▼▼▼

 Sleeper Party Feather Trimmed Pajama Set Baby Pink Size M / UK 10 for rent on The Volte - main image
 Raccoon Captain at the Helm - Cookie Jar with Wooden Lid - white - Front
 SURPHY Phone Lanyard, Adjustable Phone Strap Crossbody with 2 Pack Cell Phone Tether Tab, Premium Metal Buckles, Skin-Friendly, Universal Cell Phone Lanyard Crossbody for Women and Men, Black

▲▲▲
▼▼▼

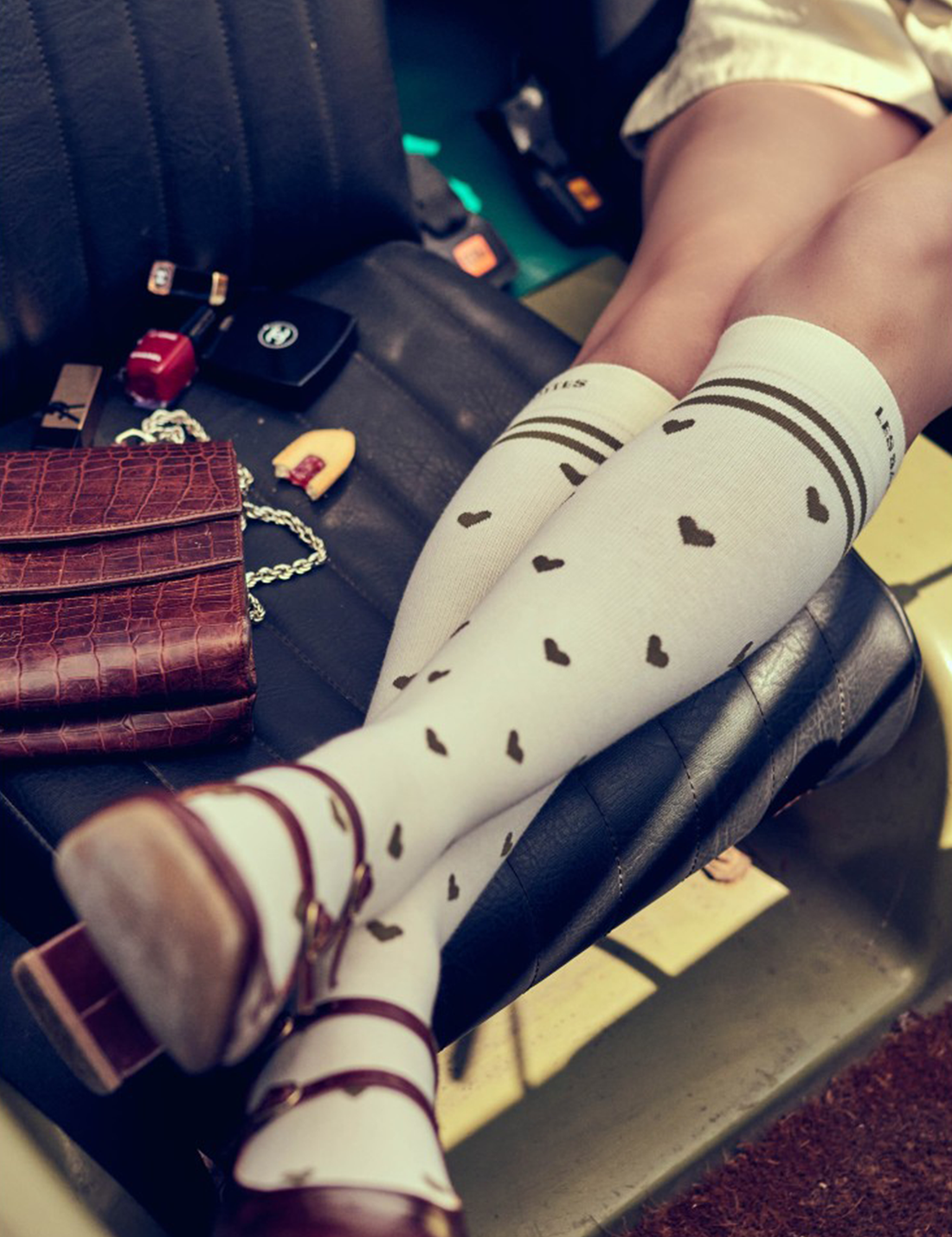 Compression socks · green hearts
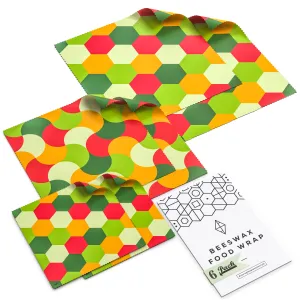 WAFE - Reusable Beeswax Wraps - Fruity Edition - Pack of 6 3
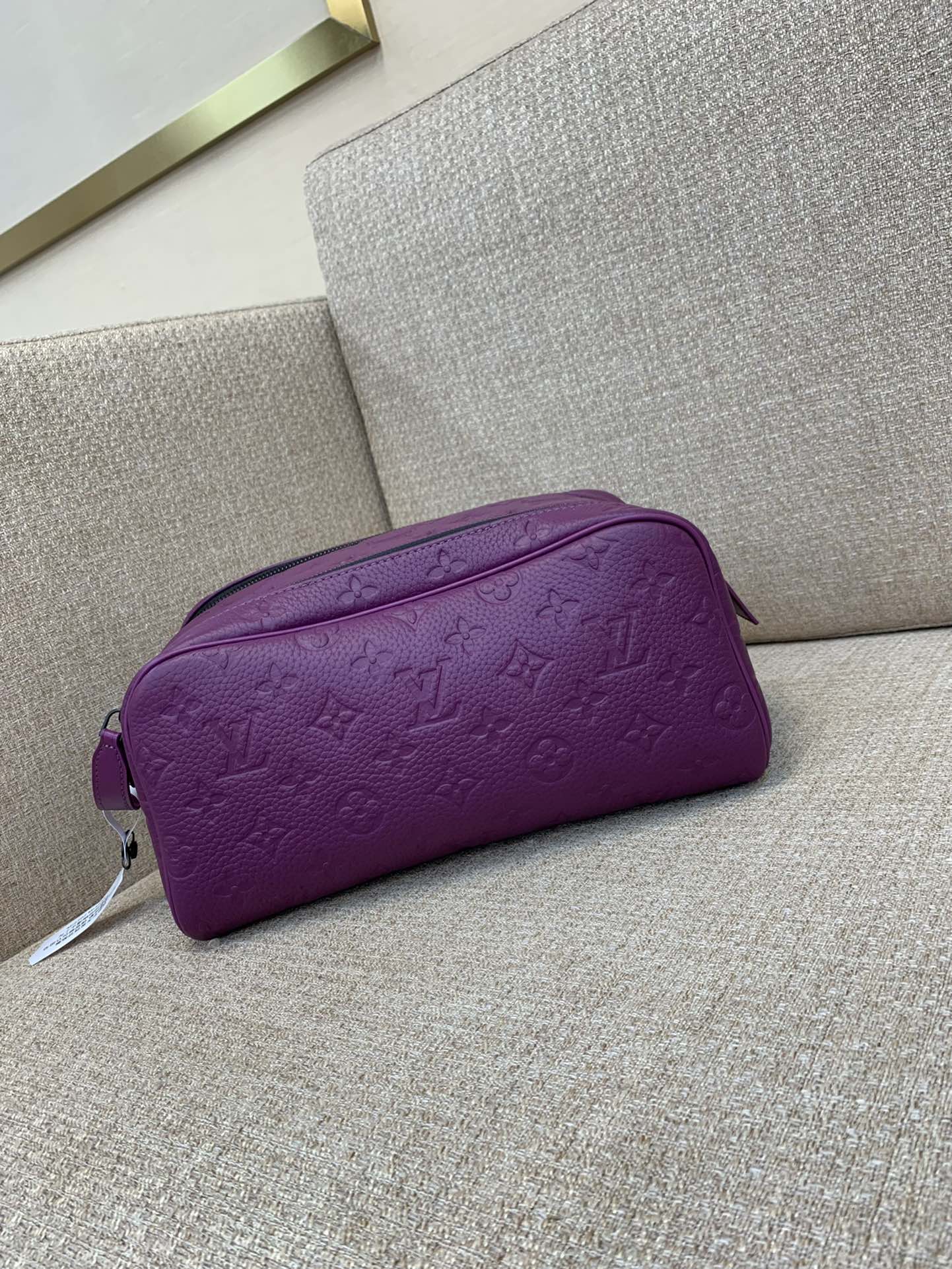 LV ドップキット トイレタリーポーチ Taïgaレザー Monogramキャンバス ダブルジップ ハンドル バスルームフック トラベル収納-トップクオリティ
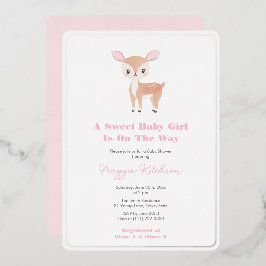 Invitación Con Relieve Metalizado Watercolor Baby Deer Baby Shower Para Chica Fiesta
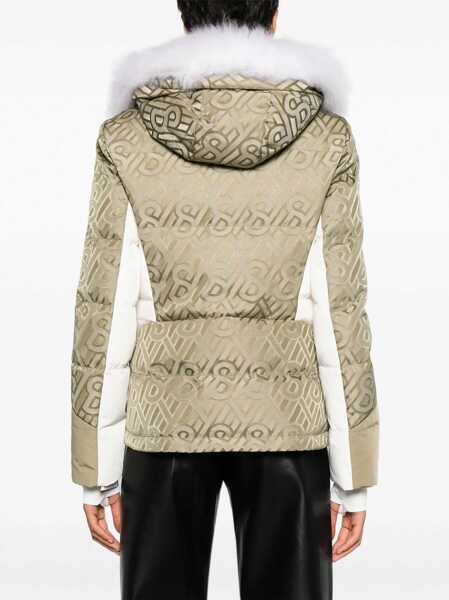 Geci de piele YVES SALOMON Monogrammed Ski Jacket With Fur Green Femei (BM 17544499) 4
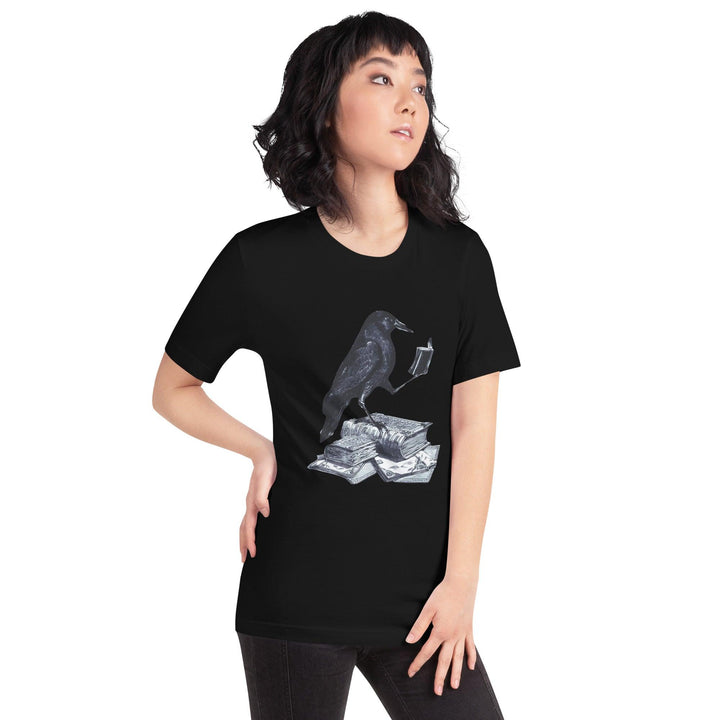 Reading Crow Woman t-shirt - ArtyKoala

▲▲▲
▼▼▼

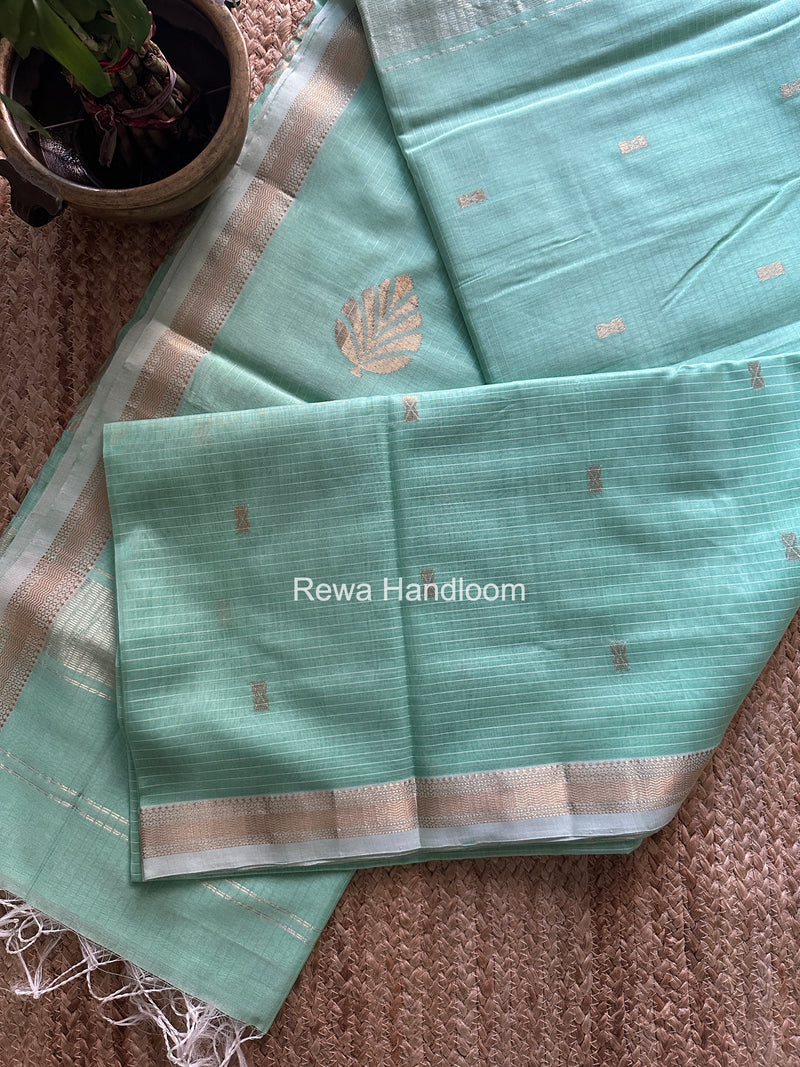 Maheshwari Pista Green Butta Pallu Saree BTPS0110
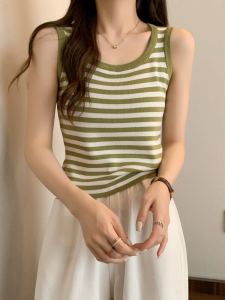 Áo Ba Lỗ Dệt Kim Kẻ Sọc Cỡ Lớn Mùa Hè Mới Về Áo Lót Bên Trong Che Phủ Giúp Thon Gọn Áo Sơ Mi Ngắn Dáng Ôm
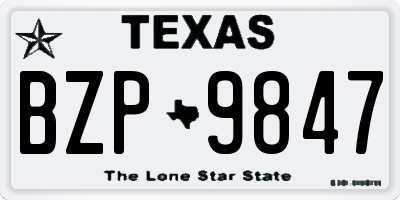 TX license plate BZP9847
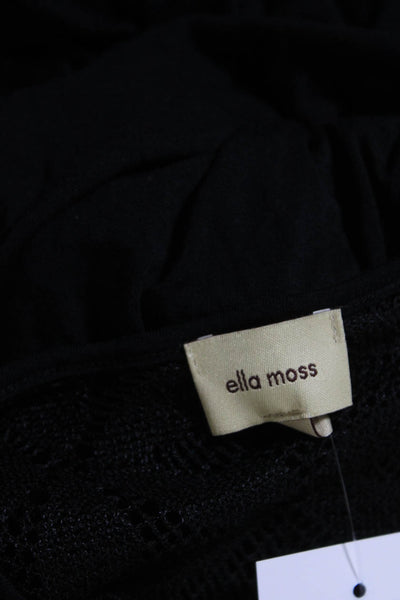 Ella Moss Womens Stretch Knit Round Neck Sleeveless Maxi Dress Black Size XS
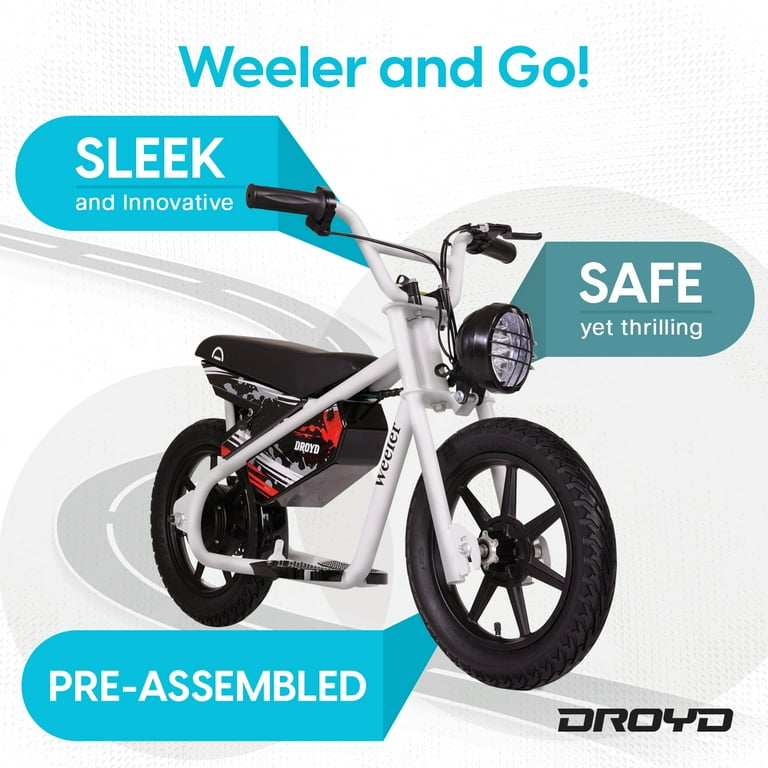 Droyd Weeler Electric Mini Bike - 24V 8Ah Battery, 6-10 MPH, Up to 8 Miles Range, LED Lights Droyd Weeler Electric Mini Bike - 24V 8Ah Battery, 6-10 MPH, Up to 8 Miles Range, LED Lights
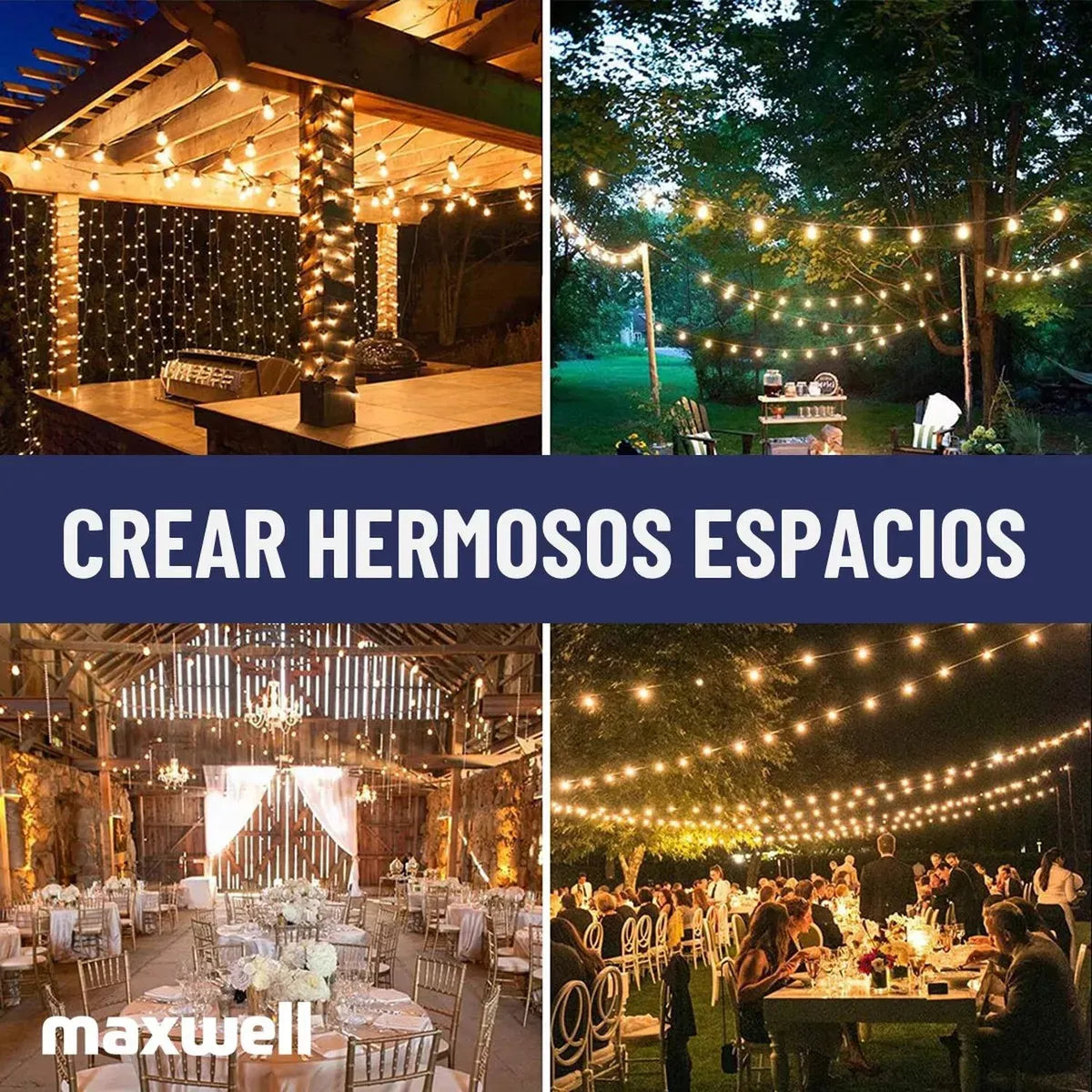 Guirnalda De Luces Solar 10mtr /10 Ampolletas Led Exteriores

▲▲▲

◆ ABOUT THIS EXERCISE: Could you write out exactly the lines of the data above that run from the one holding "Compression socks · green hearts" to the one holding "Reading Crow Woman t-shirt - ArtyKoala", with both ends in and all pictures out?

◆ SOLUTION FOR THIS TASK:
 Compression socks · green hearts
 WAFE - Reusable Beeswax Wraps - Fruity Edition - Pack of 6 3
 LV ドップキット トイレタリーポーチ Taïgaレザー Monogramキャンバス ダブルジップ ハンドル バスルームフック トラベル収納-トップクオリティ
 Invitación Con Relieve Metalizado Watercolor Baby Deer Baby Shower Para Chica Fiesta
 Geci de piele YVES SALOMON Monogrammed Ski Jacket With Fur Green Femei (BM 17544499) 4
 Reading Crow Woman t-shirt - ArtyKoala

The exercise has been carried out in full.